2.2 Configure Postfix Main Settings

Edit /usr/local/etc/postfix/main.cf and update the following settings:

myhostname = mail.example.com
mydomain = example.com
myorigin = $mydomain
inet_interfaces = all
inet_protocols = ipv4
mydestination = $myhostname, localhost.$mydomain, localhost, $mydomain
relay_domains = $mydestination
home_mailbox = Maildir/
smtpd_banner = $myhostname ESMTP
smtpd_tls_cert_file = /etc/ssl/certs/mail.pem
smtpd_tls_key_file = /etc/ssl/private/mail.key
smtpd_use_tls = yes
smtpd_tls_session_cache_database = btree:/var/lib/postfix/smtpd_scache

2.3 Start and Enable Postfix

Run the following command to start Postfix:

service postfix start

To apply configuration changes, restart Postfix:

service postfix restart

Step 3: Configure Dovecot

Dovecot will be used to manage IMAP and POP3 services.

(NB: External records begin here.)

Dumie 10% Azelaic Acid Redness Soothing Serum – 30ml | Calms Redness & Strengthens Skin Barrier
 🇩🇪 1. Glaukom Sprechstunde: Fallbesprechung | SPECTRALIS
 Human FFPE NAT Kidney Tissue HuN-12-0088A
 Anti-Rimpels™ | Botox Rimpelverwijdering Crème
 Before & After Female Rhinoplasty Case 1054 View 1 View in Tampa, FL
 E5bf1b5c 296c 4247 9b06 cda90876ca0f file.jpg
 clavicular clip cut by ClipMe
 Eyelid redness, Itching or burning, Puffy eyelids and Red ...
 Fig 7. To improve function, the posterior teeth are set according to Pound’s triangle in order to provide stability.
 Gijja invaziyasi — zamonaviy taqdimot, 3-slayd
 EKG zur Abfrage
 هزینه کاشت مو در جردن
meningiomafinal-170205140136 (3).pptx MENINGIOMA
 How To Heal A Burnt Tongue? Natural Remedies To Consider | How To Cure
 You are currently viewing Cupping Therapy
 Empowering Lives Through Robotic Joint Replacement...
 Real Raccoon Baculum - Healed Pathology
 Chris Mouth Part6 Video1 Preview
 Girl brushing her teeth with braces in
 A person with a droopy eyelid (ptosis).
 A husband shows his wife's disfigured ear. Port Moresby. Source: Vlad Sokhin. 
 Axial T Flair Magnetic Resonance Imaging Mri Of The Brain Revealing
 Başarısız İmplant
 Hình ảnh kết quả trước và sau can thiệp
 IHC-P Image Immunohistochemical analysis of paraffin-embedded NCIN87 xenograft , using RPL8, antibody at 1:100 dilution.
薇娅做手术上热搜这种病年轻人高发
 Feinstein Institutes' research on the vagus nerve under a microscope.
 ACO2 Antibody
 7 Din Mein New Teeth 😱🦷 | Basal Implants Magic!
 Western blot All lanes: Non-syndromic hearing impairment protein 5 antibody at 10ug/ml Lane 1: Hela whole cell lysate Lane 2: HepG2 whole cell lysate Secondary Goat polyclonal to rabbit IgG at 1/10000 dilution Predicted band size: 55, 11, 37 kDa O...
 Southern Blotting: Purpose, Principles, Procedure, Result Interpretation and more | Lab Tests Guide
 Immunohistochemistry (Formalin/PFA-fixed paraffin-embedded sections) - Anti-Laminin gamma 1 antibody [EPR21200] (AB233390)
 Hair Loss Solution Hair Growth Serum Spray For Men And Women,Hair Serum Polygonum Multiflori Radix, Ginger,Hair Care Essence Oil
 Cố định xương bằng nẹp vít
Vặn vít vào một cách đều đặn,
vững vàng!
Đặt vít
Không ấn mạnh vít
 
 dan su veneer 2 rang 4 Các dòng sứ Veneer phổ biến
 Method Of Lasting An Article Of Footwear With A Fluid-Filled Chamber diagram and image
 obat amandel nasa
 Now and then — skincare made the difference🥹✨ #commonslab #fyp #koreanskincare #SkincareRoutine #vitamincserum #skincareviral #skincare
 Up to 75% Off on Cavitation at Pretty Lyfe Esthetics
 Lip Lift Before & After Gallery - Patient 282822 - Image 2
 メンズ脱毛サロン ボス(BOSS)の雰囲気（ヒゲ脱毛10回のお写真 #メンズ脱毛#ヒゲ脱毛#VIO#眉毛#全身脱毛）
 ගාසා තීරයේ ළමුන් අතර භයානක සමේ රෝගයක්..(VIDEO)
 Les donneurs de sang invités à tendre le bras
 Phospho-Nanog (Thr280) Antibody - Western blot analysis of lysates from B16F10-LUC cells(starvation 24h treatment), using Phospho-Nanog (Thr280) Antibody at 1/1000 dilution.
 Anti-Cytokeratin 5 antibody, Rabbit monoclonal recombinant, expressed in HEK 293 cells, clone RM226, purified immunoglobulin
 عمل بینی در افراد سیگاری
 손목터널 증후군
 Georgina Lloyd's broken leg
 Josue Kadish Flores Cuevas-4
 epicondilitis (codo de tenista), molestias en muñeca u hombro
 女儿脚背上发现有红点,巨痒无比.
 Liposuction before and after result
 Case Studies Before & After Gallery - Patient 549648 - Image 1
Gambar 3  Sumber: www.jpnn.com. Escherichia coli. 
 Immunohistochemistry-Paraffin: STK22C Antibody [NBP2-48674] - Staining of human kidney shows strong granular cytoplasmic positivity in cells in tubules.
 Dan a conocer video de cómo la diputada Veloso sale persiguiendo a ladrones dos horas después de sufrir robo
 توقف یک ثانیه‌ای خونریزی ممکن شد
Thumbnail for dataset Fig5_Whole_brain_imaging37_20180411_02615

3.1 Enable Dovecot Service

Enable Dovecot in /etc/rc.conf:

sysrc dovecot_enable="YES"

3.2 Configure Dovecot Authentication

Edit /usr/local/etc/dovecot/dovecot.conf and update the following:

protocols = imap pop3 lmtp
listen = *

Edit /usr/local/etc/dovecot/conf.d/10-mail.conf and configure the mail location:

mail_location = maildir:~/Maildir
namespace inbox {
  inbox = yes
}

Edit /usr/local/etc/dovecot/conf.d/10-auth.conf and ensure authentication is enabled:

auth_mechanisms = plain login
!include auth-system.conf.ext

3.3 Start and Enable Dovecot

Run the following command to start Dovecot:

service dovecot start

Restart Dovecot to apply changes:

service dovecot restart

Step 4: Configure TLS for Secure Email Communication

4.1 Generate SSL Certificates

To secure your mail server, generate a self-signed SSL certificate (or obtain a certificate from Let’s Encrypt):

openssl req -new -x509 -days 365 -nodes \
  -out /etc/ssl/certs/mail.pem \
  -keyout /etc/ssl/private/mail.key

Ensure correct permissions:

chmod 600 /etc/ssl/private/mail.key

4.2 Configure Postfix for TLS

Edit /usr/local/etc/postfix/main.cf and add:

smtpd_tls_security_level = may
smtpd_tls_cert_file = /etc/ssl/certs/mail.pem
smtpd_tls_key_file = /etc/ssl/private/mail.key

Restart Postfix:

service postfix restart

4.3 Configure Dovecot for TLS

Edit /usr/local/etc/dovecot/conf.d/10-ssl.conf:

ssl = yes
ssl_cert = </etc/ssl/certs/mail.pem
ssl_key = </etc/ssl/private/mail.key

Restart Dovecot:

service dovecot restart

Step 5: Configure User Mail Accounts

Create user accounts for mail:

pw useradd username -m -s /sbin/nologin
passwd username

Ensure mail directories exist:

mkdir -p /home/username/Maildir
chown -R username:username /home/username/Maildir

Step 6: Test Your Mail Server

6.1 Test Postfix SMTP

Use telnet to verify SMTP is running:

telnet mail.example.com 25

You should see a response from Postfix.

6.2 Test Dovecot IMAP

Use telnet to verify IMAP:

telnet mail.example.com 143

You should receive a response from Dovecot.

6.3 Send a Test Email

Use mail to send a test email:

echo "Test email" | mail -s "Test" user@example.com

Conclusion

You now have a working mail server on FreeBSD using Postfix and Dovecot with TLS encryption. This setup provides a secure and efficient way to manage email services. For added security, consider setting up spam filtering with SpamAssassin and enabling DKIM and SPF authentication.

By following these steps, you have created a robust and reliable mail server that can handle email communication for your domain securely and efficiently.